La Unión Europea crece con enormes cantidades de dinero público

Como si se tratase de un banco central de la esfera soviética, nuestro Banco Central Europeo compra de forma masiva la deuda pública que emiten los gobiernos de los países miembros de la zona euro, y en especial, de España que así puede permitirse, y gracias a Dios, crecer y crecer con deuda pública superior al 102% de su PIB.

Pero el poderoso banco central alemán Bundesbank empieza a atizar al BCE que puede verse sometido a presiones políticas si prolonga en exceso su QE o quantitave easing, flexibilización cuantitativa que permite generar euros y ponerlos en circulación.

Se aumenta la oferta de dinero y se fomenta el aumento de las reservas bancarias comprando bonos de los gobiernos con problemas como España; aumentan los precios y se reducen las tasas de interés que están en 0%.

La inflación que se está generando en precios aún es pequeña 3%, pero la falta evidente de crédito aún por parte de las entidades bancarias puede dejar de hacer eficaz la expansión cuantitativa y eso es lo que preocupa a Alemania.

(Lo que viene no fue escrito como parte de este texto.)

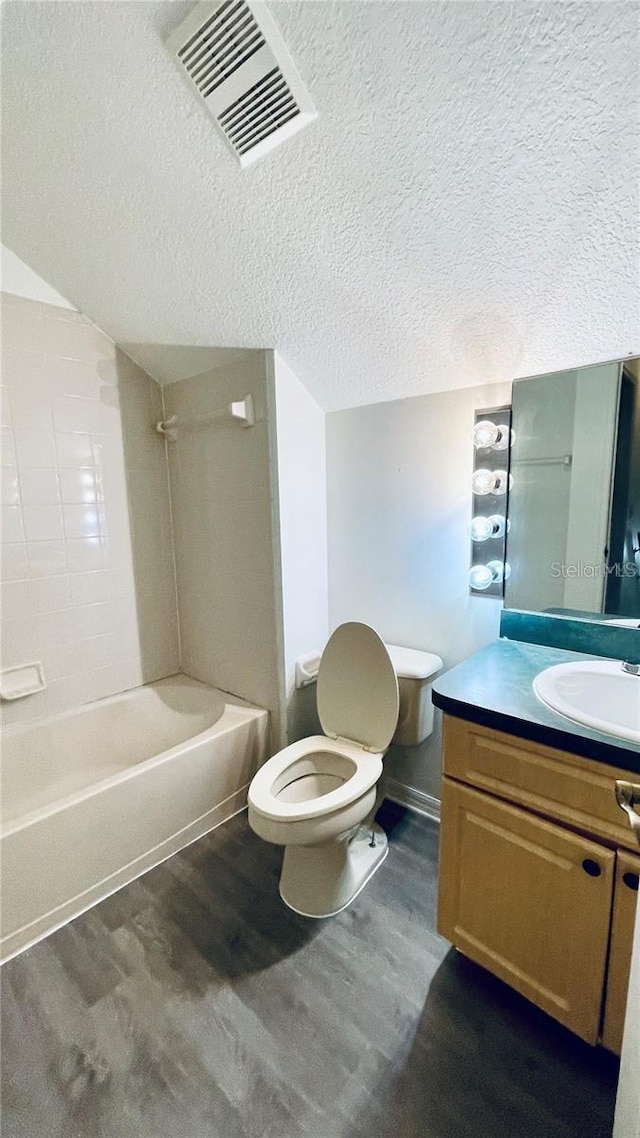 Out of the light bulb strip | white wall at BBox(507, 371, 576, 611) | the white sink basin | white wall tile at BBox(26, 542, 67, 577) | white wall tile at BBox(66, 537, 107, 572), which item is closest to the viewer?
the white sink basin

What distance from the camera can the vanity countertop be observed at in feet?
2.82

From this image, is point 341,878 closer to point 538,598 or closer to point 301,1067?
point 301,1067

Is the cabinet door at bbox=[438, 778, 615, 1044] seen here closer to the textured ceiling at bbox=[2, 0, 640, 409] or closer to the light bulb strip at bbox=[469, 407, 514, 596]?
the light bulb strip at bbox=[469, 407, 514, 596]

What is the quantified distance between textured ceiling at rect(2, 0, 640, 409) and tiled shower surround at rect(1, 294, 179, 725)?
41 centimetres

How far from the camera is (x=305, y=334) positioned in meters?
1.57

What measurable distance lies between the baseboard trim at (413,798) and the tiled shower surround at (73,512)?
4.68ft

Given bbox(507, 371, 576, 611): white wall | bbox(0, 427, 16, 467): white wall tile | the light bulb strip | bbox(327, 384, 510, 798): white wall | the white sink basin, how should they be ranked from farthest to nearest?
bbox(0, 427, 16, 467): white wall tile
bbox(327, 384, 510, 798): white wall
the light bulb strip
bbox(507, 371, 576, 611): white wall
the white sink basin

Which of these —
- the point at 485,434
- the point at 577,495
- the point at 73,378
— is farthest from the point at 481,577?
the point at 73,378

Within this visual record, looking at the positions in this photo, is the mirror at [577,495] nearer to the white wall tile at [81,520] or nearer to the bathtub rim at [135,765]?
the bathtub rim at [135,765]

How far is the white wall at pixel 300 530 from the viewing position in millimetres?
1789

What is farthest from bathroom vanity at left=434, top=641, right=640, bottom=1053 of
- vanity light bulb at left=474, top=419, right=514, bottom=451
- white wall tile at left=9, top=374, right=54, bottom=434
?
white wall tile at left=9, top=374, right=54, bottom=434

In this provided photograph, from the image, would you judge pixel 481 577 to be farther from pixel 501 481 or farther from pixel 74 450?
pixel 74 450

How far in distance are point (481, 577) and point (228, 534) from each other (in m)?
1.15

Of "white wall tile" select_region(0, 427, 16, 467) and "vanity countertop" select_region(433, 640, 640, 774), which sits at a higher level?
"white wall tile" select_region(0, 427, 16, 467) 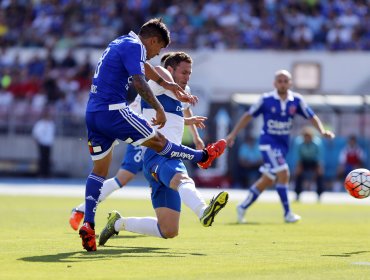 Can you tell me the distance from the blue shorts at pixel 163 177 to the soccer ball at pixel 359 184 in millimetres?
2391

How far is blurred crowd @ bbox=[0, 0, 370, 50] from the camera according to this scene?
35531mm

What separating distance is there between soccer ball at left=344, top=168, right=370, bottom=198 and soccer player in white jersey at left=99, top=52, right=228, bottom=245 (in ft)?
7.12

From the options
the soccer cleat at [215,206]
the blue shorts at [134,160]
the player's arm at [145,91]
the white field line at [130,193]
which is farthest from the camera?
the white field line at [130,193]

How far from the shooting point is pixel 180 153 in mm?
11273

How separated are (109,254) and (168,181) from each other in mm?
1182

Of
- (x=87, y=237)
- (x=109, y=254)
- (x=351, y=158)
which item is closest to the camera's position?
(x=109, y=254)

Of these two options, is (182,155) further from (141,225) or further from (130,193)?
(130,193)

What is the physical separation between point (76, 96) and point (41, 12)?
5.54 m

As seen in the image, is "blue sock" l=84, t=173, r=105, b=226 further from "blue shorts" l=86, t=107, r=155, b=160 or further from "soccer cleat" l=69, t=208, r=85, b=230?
"soccer cleat" l=69, t=208, r=85, b=230

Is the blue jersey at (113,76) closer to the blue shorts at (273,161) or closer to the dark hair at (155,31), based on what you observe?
the dark hair at (155,31)

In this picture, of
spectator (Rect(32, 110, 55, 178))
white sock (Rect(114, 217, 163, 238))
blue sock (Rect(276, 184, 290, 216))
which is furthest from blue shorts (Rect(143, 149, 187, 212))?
spectator (Rect(32, 110, 55, 178))

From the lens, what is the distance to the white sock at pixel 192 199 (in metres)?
11.0

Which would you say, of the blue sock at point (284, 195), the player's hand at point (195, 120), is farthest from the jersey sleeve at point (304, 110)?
the player's hand at point (195, 120)

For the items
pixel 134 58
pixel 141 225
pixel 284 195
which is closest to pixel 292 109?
pixel 284 195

Las medidas extraordinarias aplicadas por el Banco Central Europeo, incluyendo la inyección masiva de liquidez en los mercados y la compra de grandes cantidades de bonos soberanos, han estimulado la economía al coste de convertir potencialmente a la entidad en el mayor acreedor de los gobiernos con el riesgo de atraer presiones políticas para que mantenga sus políticas laxas más tiempo del necesario, según ha advertido el presidente del Bundesbank, Jens Weidmann. “Las compras de bonos soberanos difuminan los importantes límites entre política fiscal y monetaria”, apuntó Weidmann, alertando de que esta circunstancia puede llevar “al ejercicio de presiones políticas sobre el Eurosistema para que mantenga las políticas muy laxas durante más tiempo del apropiado desde el punto de vista de la estabilidad de precios”. Recordemos que el pavor de los alemanes a la inflación es patológica después de lo ocurrido en los años 30 y la posterior subida al poder del Führer.

En este sentido, el banquero alemán consideró que en el contexto de estas compras de activos, los cambios en la política monetaria tienen un mayor impacto directo en los costes de financiación de los gobiernos que los movimientos de los tipos de interés.
“Proporcionando oxígeno a la economía, los bancos centrales pueden ofrecer un soporte vital, pero a largo plazo el suministro de oxígeno no puede reemplazar a un corazón sano”, apuntó Weidmann, quien añadió que, por contra, “si una bombona de oxígeno ocupa el lugar del ejercicio y una dieta saludable podría alargar la afección”.

De este modo, en opinión del presidente del Bundesbank, si las inyecciones masivas de liquidez por parte del banco central son utilizadas, no de manera temporal, sino para mantener bancos insolventes, la cuestión “puede ponerse difícil”.
En este sentido, Weidmann añadió que cuanta mayor protección y promesas de financiación ofrezca el banco central mayores serán los incentivos de las entidades para tomar riesgos excesivos.
“Ser demasiado restrictivo en la concesión de liquidez puede causar que una chispa se convierta en un incendio. Concederla demasiado libremente, por otro lado, y apuntalando entidades sin modelos sostenibles de negocio, puede suponer también que el agua utilizada para extinguir las llamas acabe causando más daño que el propio fuego”, apuntó el banquero alemán, subrayando la dificultad de determinar si un banco “es ilíquido o insolvente”.